The hagen mode provides an analog multiply accumulate operation (MAC)
which is performed on the ASIC.

**hxtorch** provides a high-level API for this operation mode that
integrates this functionality into `PyTorch <https://pytorch.org/>`__.
In analogy to some functions of this  machine-learning framework,
operations with similar API are provided, e.g. ``matmul`` for
multiplication of two matrices:

.. code:: ipython3

    print(hxtorch.perceptron.matmul.__doc__)

.. parsed-literal::
    :class: solution

    matmul(input: at::Tensor, other: at::Tensor, num_sends: int = 1,
           wait_between_events: int = 5, mock: bool = False) -> at::Tensor

    Drop-in replacement for :meth:`torch.matmul` that uses HICANN-X.
    The current implementation only supports ``other`` to be 1D or 2D.

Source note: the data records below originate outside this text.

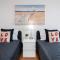 Host Wise – Spacious Escape Near the Beach - Matosinhos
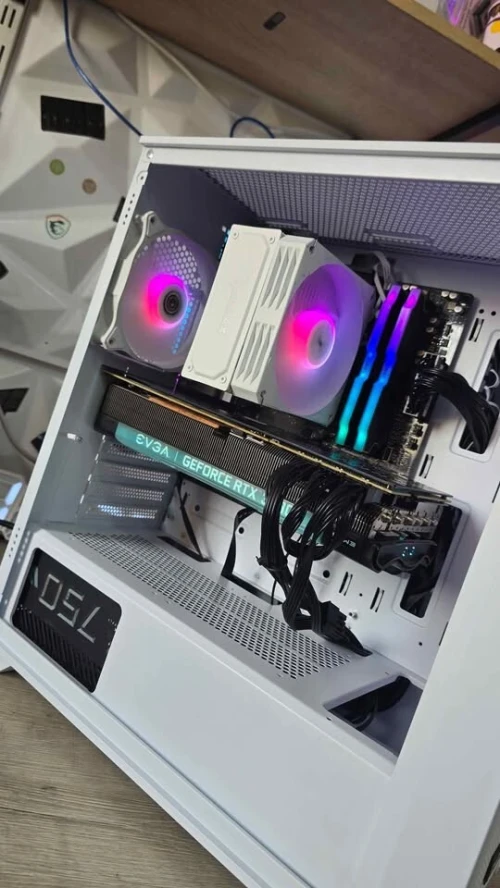 PC GAMER BEST OFFER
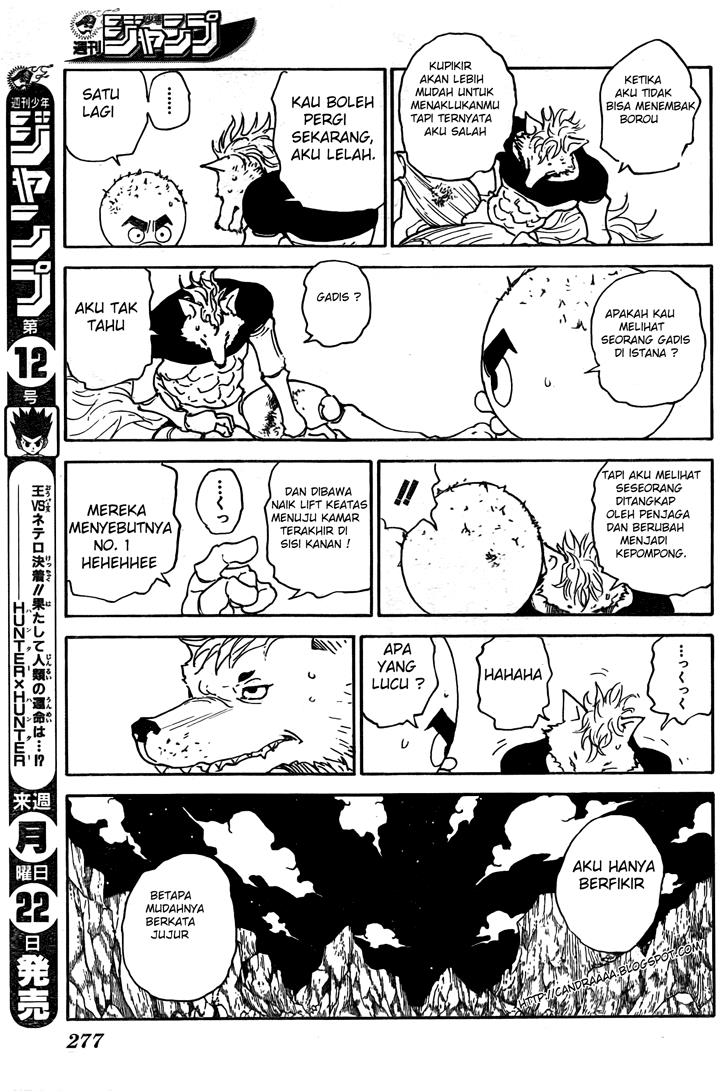 Chapter 296 - halaman 19
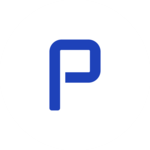 Palenca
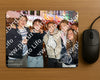 Evenement foto: 1473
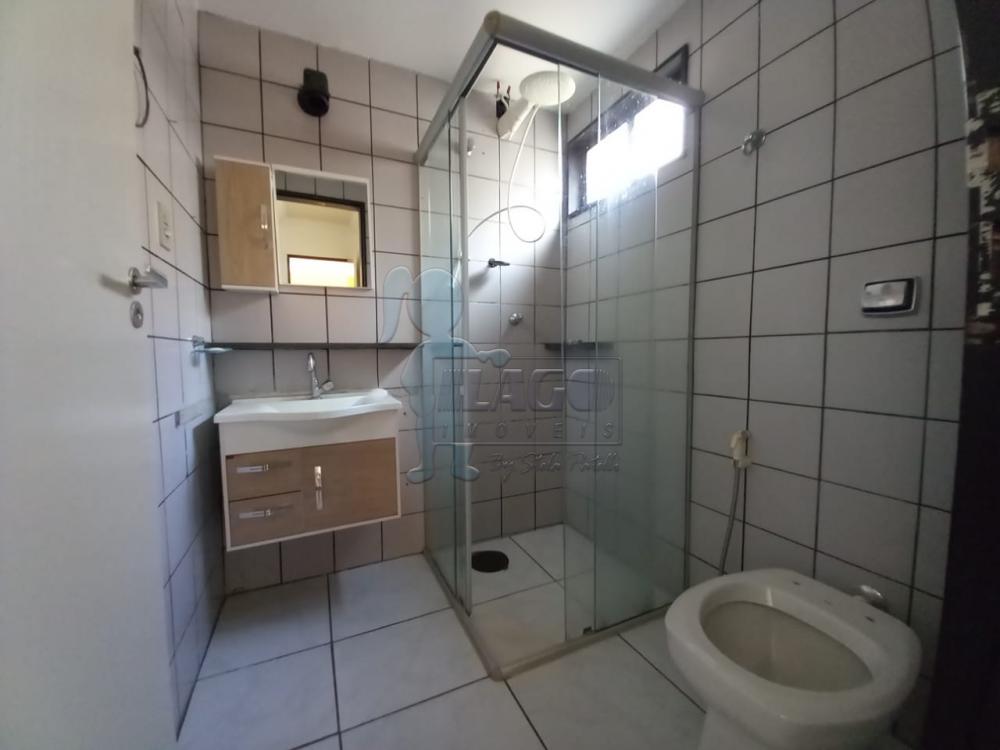 Alugar Apartamentos / Padrão em Ribeirão Preto R$ 900,00 - Foto 10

    :param input: First input tensor, allowed range [0, 31]
    :param other: Second input tensor, allowed range: [-63, 63]
    :param num_sends: How often to send the (same) input vector
    :param wait_between_events: How long to wait (in FPGA cycles) between events
    :returns: Resulting tensor

Before the hardware can be used, we have to allocate a connection and to
load a calibration. This can be achieved using ``hxtorch.init_hardware``:

.. code:: ipython3

    # download claibration and initialize hardware configuration
    save_nightly_calibration('hagen_cocolist.pbin')
    hxtorch.init_hardware(hxtorch.CalibrationPath('hagen_cocolist.pbin'))

This already enables us to multiply matrices using the BSS-2 accelerator:

.. code:: ipython3

    M1 = torch.full((100,), 15.)
    M2 = torch.full((100, 10), 21.)
    hxtorch.perceptron.matmul(M1, M2)

.. parsed-literal::
    :class: solution

    tensor([55., 60., 59., 56., 60., 63., 57., 58., 56., 62.])

``hxtorch`` integrates the MAC operation into PyTorch on a per-operation
basis (but also supports the combination of multiple operations) and is
executed just-in-time on the BrainScaleS-2 hardware.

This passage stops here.